The company’s powder products have drawn another raft of lawsuits. Last year, a jury in St Louis awarded $4.7 billion to 22 women who claimed that their ovarian cancer was caused by Johnson’s Baby Powder and Shower to Shower. Both products contain talc that the plaintiffs said was tainted with asbestos. Johnson & Johnson, which has won some other baby powder lawsuits, has denied that its talc products caused harm.
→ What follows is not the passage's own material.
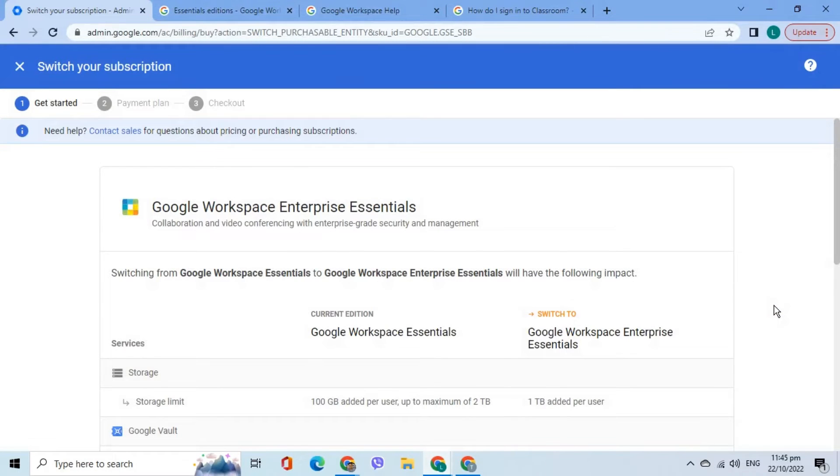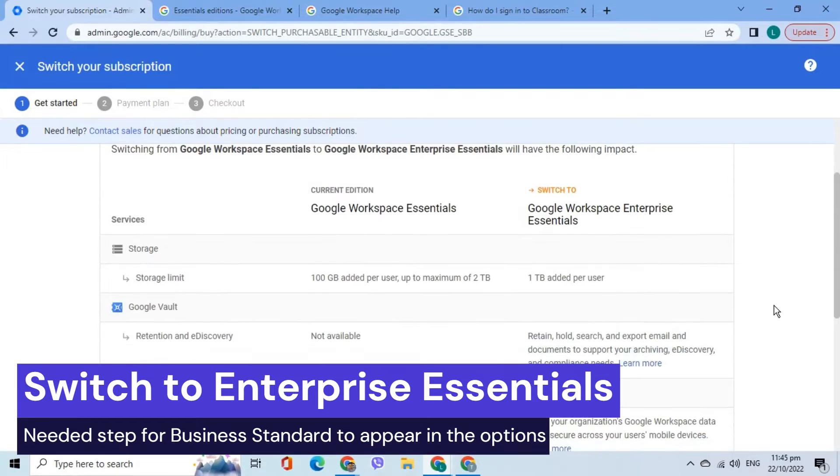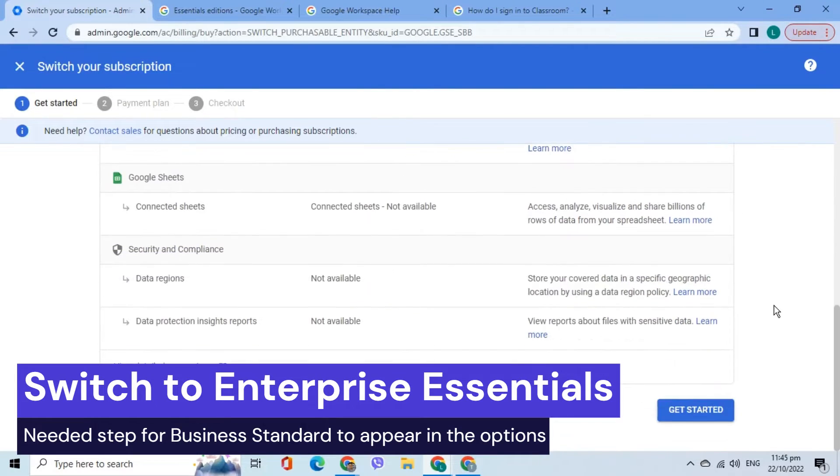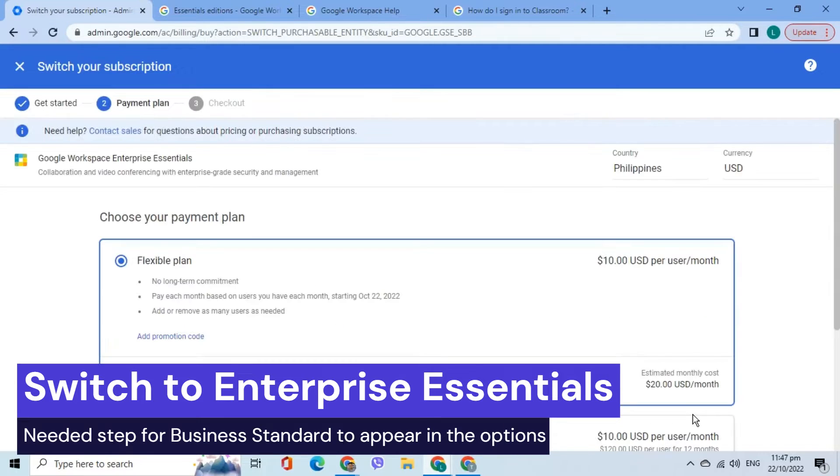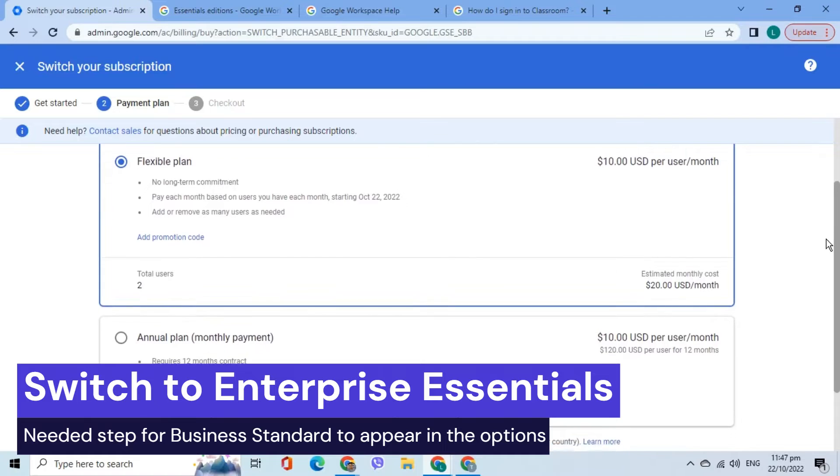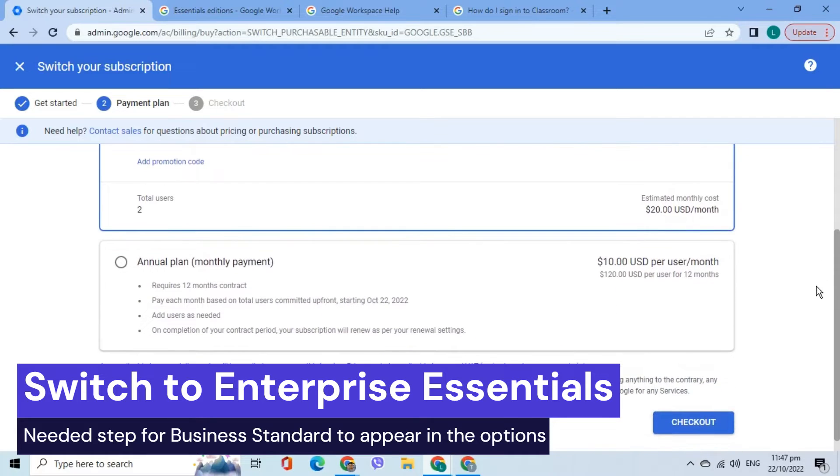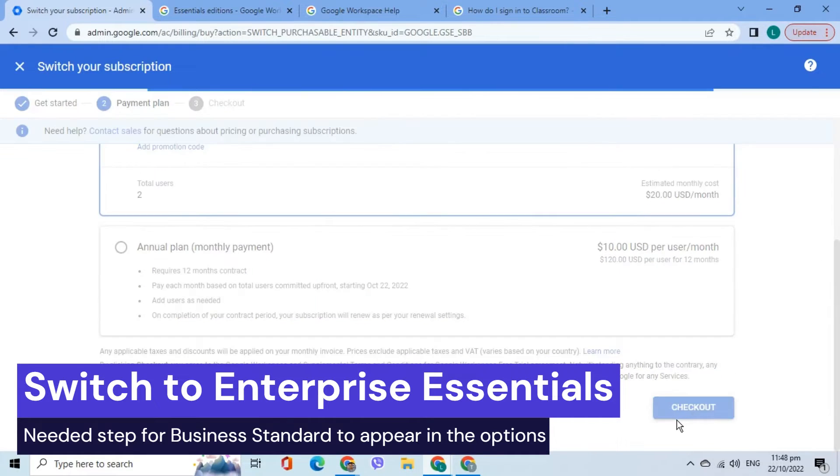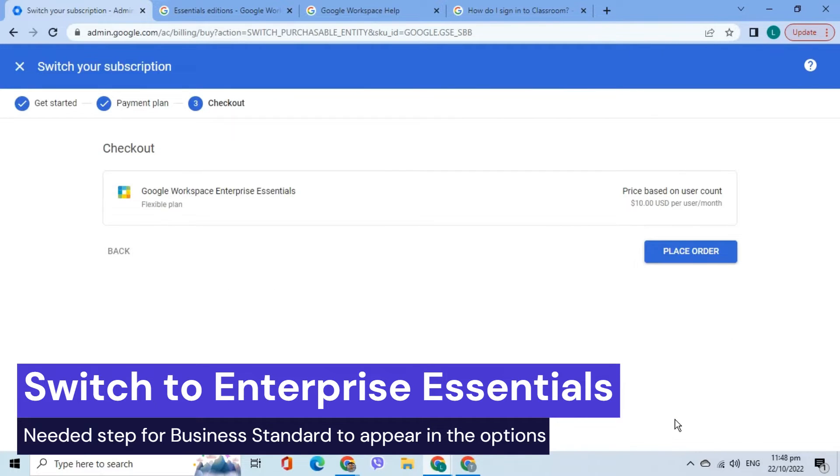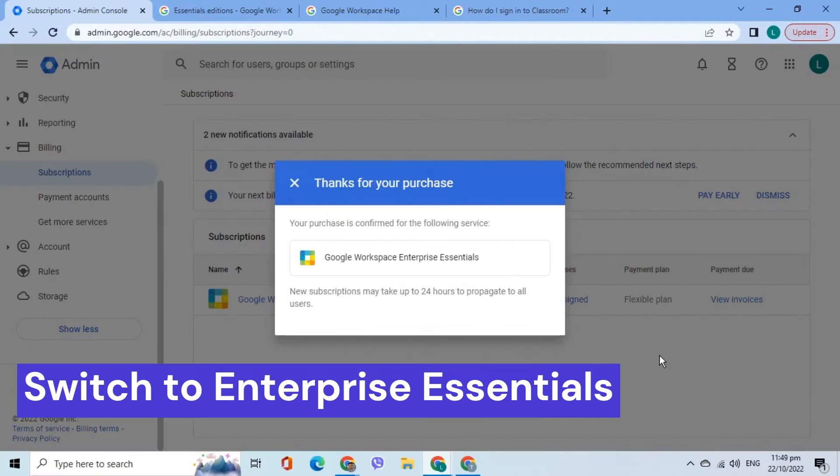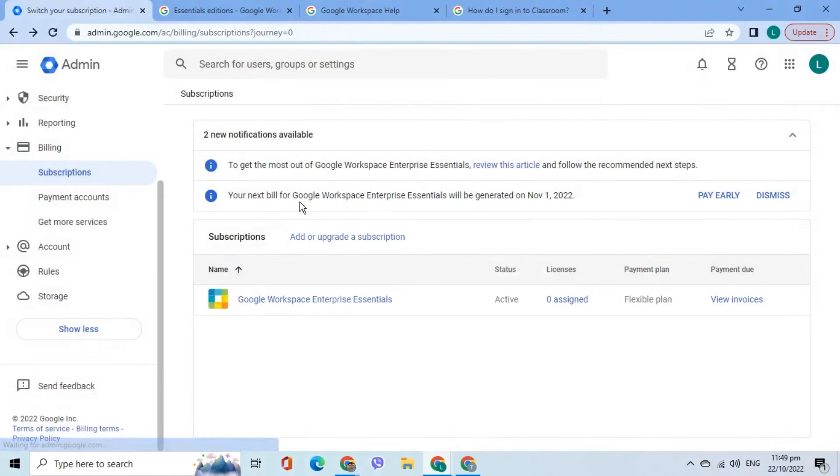Follow the on-screen instructions to switch to Subscription. At this point, I currently have the Google Workspace Enterprise Essentials.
The company has publicly reported it is being sued by 13,400 people over Risperdal. It says hundreds have been dismissed. The case that captured attention this week began in 2013 when Nicholas Murray, a Maryland man, alleged that Johnson & Johnson did not adequately warn doctors of the drug’s side effects. He began taking the drug in 2003, at age 9, to ease sleep problems associated with autism. But he suffered a side-effect: enlarged breasts, a condition called gynaecomastia.

The Food and Drug Administration did not approve Risperdal for children until three years after Murray began taking it. His physicians had prescribed it “off-label”, meaning in a way not approved by the agency.

In 2015, a jury in Philadelphia awarded Murray $1.75 million in compensatory damages, which were reduced to $680,000. The punitive damage phase of the trial did not take place until this year, with a different jury. Johnson & Johnson is vowing to appeal the $8-billion award.

A lawyer who tried the case for the company -- John Winter, a partner at Patterson Belknap Webb & Tyler -- said on Wednesday that the judge prevented the jury from considering crucial information.

“We tried a case with our hands completely tied behind our back, and we were precluded from offering any evidence to give the jury a fair perspective on the issue they had to decide,” Winter said in an interview. He disputed the idea that the jury was sending a message with its eye-popping award.

“If the message is anything, the message was our due process rights were trampled,” he said

Another outside lawyer for Johnson & Johnson, John Beisner, a partner at Skadden Arps, who did not participate in Risperdal litigation but is assisting in other lawsuits facing the company, said civil claims against Johnson & Johnson are part of a wider national pattern of increasing tort claims against drug and medical device companies. He said the phenomenon is driven in part by private investors backing the early phases of litigation in hopes of a big payoff.

When asked whether Johnson & Johnson was facing a “crisis” of civil lawsuits, he replied, “The crisis, if there is one, is less focused on a particular company. It’s the rapid growth of all this litigation, and how companies generally and the system generally are going to deal with this.”

The nonprofit watchdog group Public Citizen has tracked the number of criminal and civil settlements and court judgements against pharmaceutical companies for the past three decades, through 2017. Its figures show a strongly increasing trend until 2013, when they reached a peak of 60 in 2013. The number dropped off sharply in the next four years.